Its impact is no better illustrated than by the travails of the French scientist Guillaume Le Gentil, whose transit trip was the longest in history. He set out to observe the 1761 transit in India, but learnt on arrival that the French colony had fallen to the British. He was still at sea, on his way back to Mauritius, when it occurred.

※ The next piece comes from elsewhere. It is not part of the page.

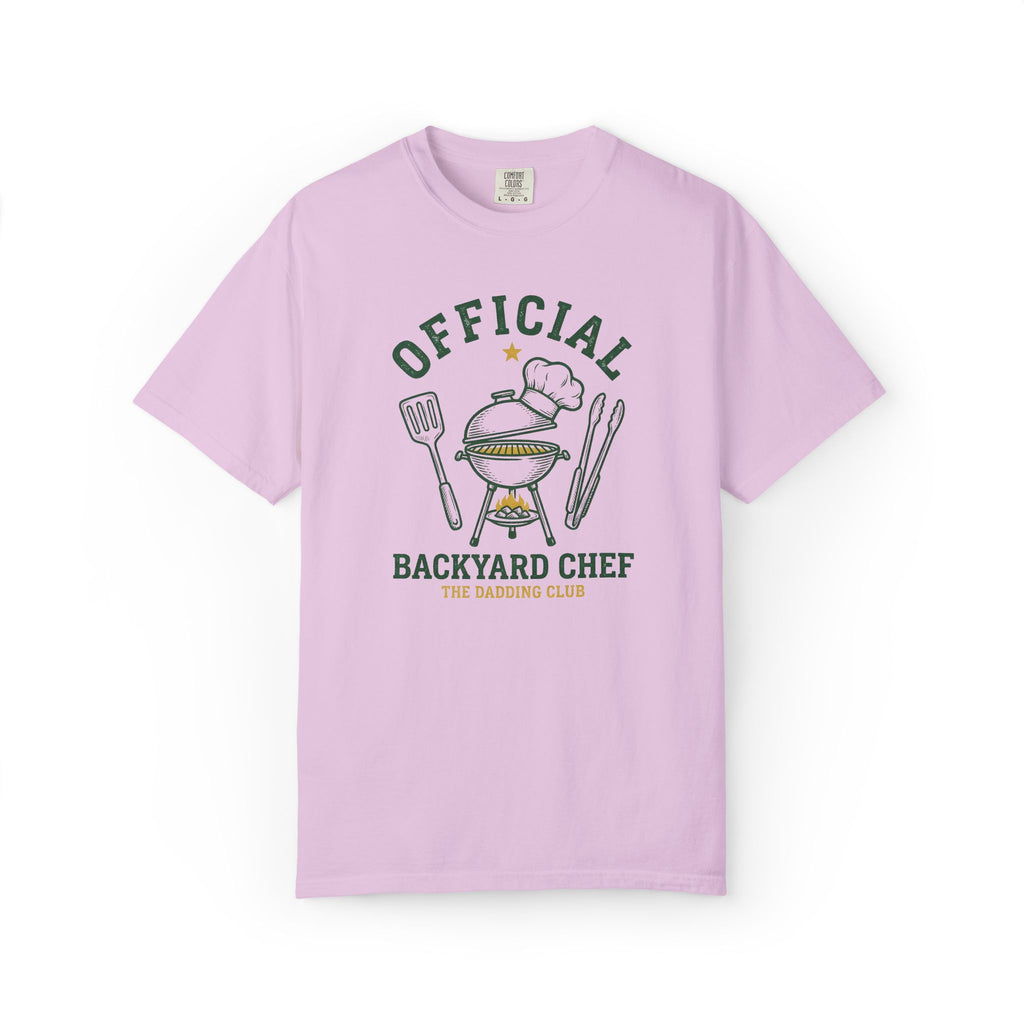 Official Backyard Chef T-shirt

Rather than return to France, he waited for the 1769 transit, arriving back in India a year early, to be safe. But following two months of clear skies, the big day turned out to be overcast, Lomb said. ''He was in state of shock. And I don't blame him.''
As Le Gentil wrote: ''It seemed I had crossed such a great expanse of sea, exiling myself from my native land, only to be the spectator of a fatal cloud which came to place itself before the sun at the precise moment of my observations, to carry off from me the fruits of my pains and fatigues.''
Transits are also timely reminders of a changing world. William Harkness, a US astronomer who watched the 1874 transit from Hobart, noted that when the 1761 and 1769 transits occurred, ''the intellectual was awakening from the slumber of ages, and that wondrous scientific activity, which has led to our present advanced knowledge, was just beginning''. Looking ahead, he wrote: ''What will be the state of science when the next transit season [2004 and 2012] arrives, God only knows.''
Lomb says the 2012 transit will prompt questioning about life in 2117. ''When Harkness wrote those lines people were happily thinking about the progress of science. But these days there are so many unpleasant scenarios into the future.''
The German mathematician Johannes Kepler was first to predict a transit of Venus would occur, in 1631. Although this event was missed, a British man, Jeremiah Horrocks, realised there would be a second in 1639.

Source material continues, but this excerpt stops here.